The contract rose $4.51 on Tuesday to settle at a record finish of $100.01 a barrel, after earlier rising to a trading record of $100.10 a barrel. It was the first time since Jan. 3 that oil had been above $100.
Prices are still within the range of inflation-adjusted highs set in early 1980. Depending on how the adjustment is calculated, $38 a barrel then would be worth $96 to $103 or more today.
The rise spooked global equity markets amid worries that high oil prices will further crimp consumer demand, one of the primary drivers of the U.S. economy. In addition to declines in Tokyo, Hong Kong’s Hang Seng stock index fell more than 2 percent. On Tuesday, the Dow Jones industrial average closed 0.1 percent lower, erasing early gains.
Crude futures offer a hedge against a falling dollar, and oil futures bought and sold in dollars are more attractive to foreign investors when the greenback is falling.
Gasoline and heating oil prices appeared to lead Tuesday’s wide advance in energy prices due to the explosion Monday at Alon USA’s Big Spring, Texas, refinery. The 67,000-barrel-a-day facility could be shuttered for two months, the company has said.
During Tuesday’s Nymex floor session, March gasoline jumped 10.93 cents to settle at a record $2.6031 a gallon, and March heating oil rose 11.45 cents to settle at $2.7614 a gallon, also a record. Like crude, both retreated in after-hours trading.
A threat by a rebel group in Nigeria to escalate attacks on the nation’s crude oil infrastructure helped boost oil prices overnight. The rebels were acting in response to rumors that the government had killed a captured leader, whom authorities later said was safe and well.
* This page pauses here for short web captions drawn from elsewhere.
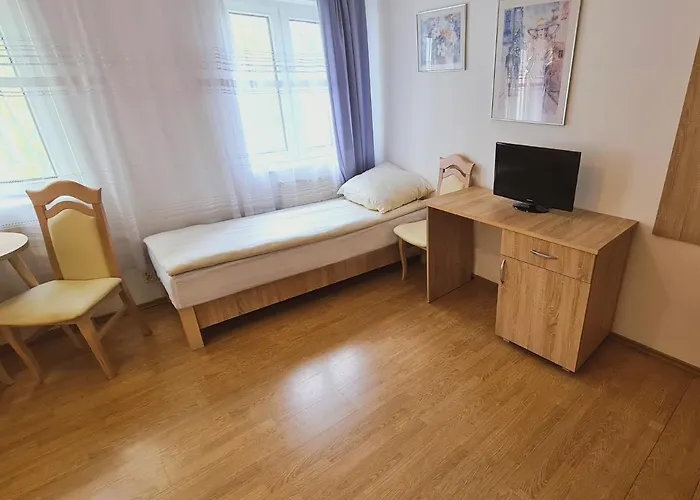 Stokrotka Natura Tour Ośrodek wypoczynkowy *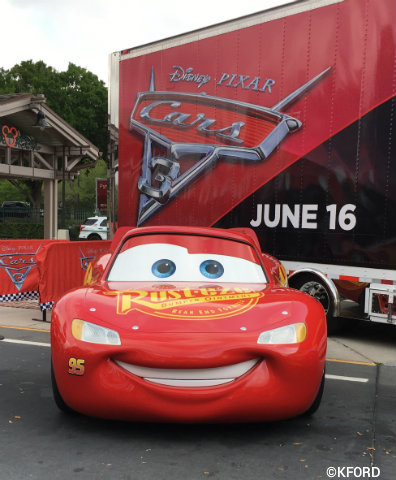 disney-pixar-cars3-road-to-the-races-lightning-mcqueen.jpg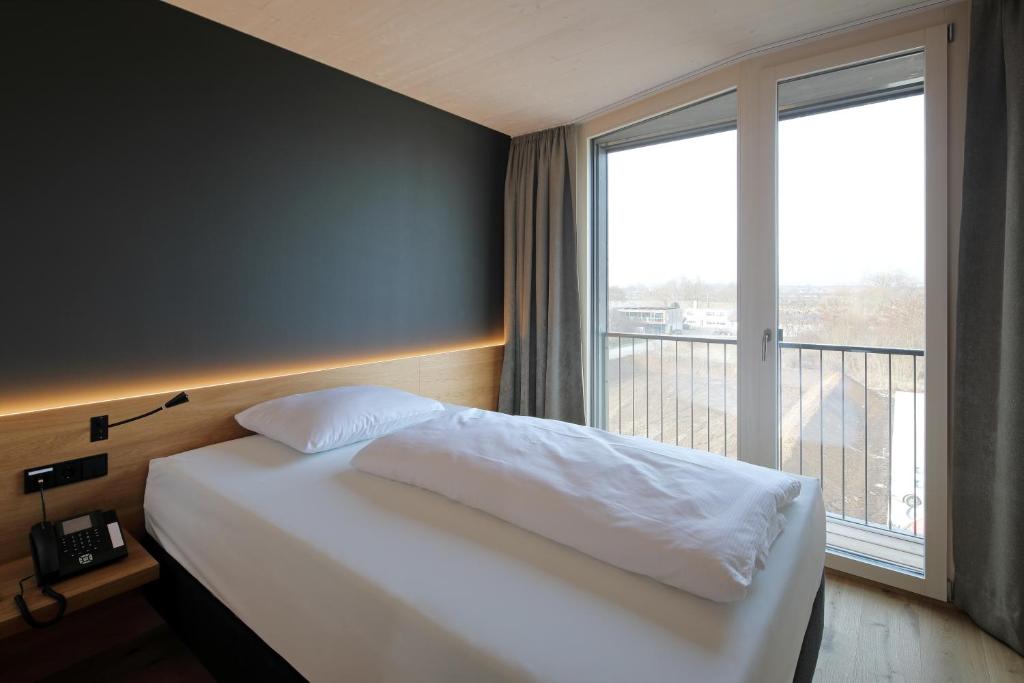 Postel nebo postele na pokoji v ubytování 2ND HOME HOTEL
Militant attacks have cut about 20 percent of Nigeria’s crude output in recent years.
Traders are also focused on the Organization of Petroleum Exporting Countries, which will meet early next month to map out production plans, and Venezuela, where President Hugo Chavez made conflicting statements this weekend about the country’s legal dispute with Exxon Mobil Corp.
The world’s largest oil company is fighting Venezuela’s nationalization of an oil project, and recently convinced several courts to freeze $12 billion in Venezuelan oil assets.
In London, April Brent crude fell $1.26 to $97.30 a barrel on the ICE Futures exchange.
Heating oil futures fell 3.64 cents from their Tuesday record to $2.725 a gallon. Gasoline prices dropped 3.22 cents to $2.5709 a gallon. Natural gas futures gained 9.3 cents to $9.07 per 1,000 cubic feet.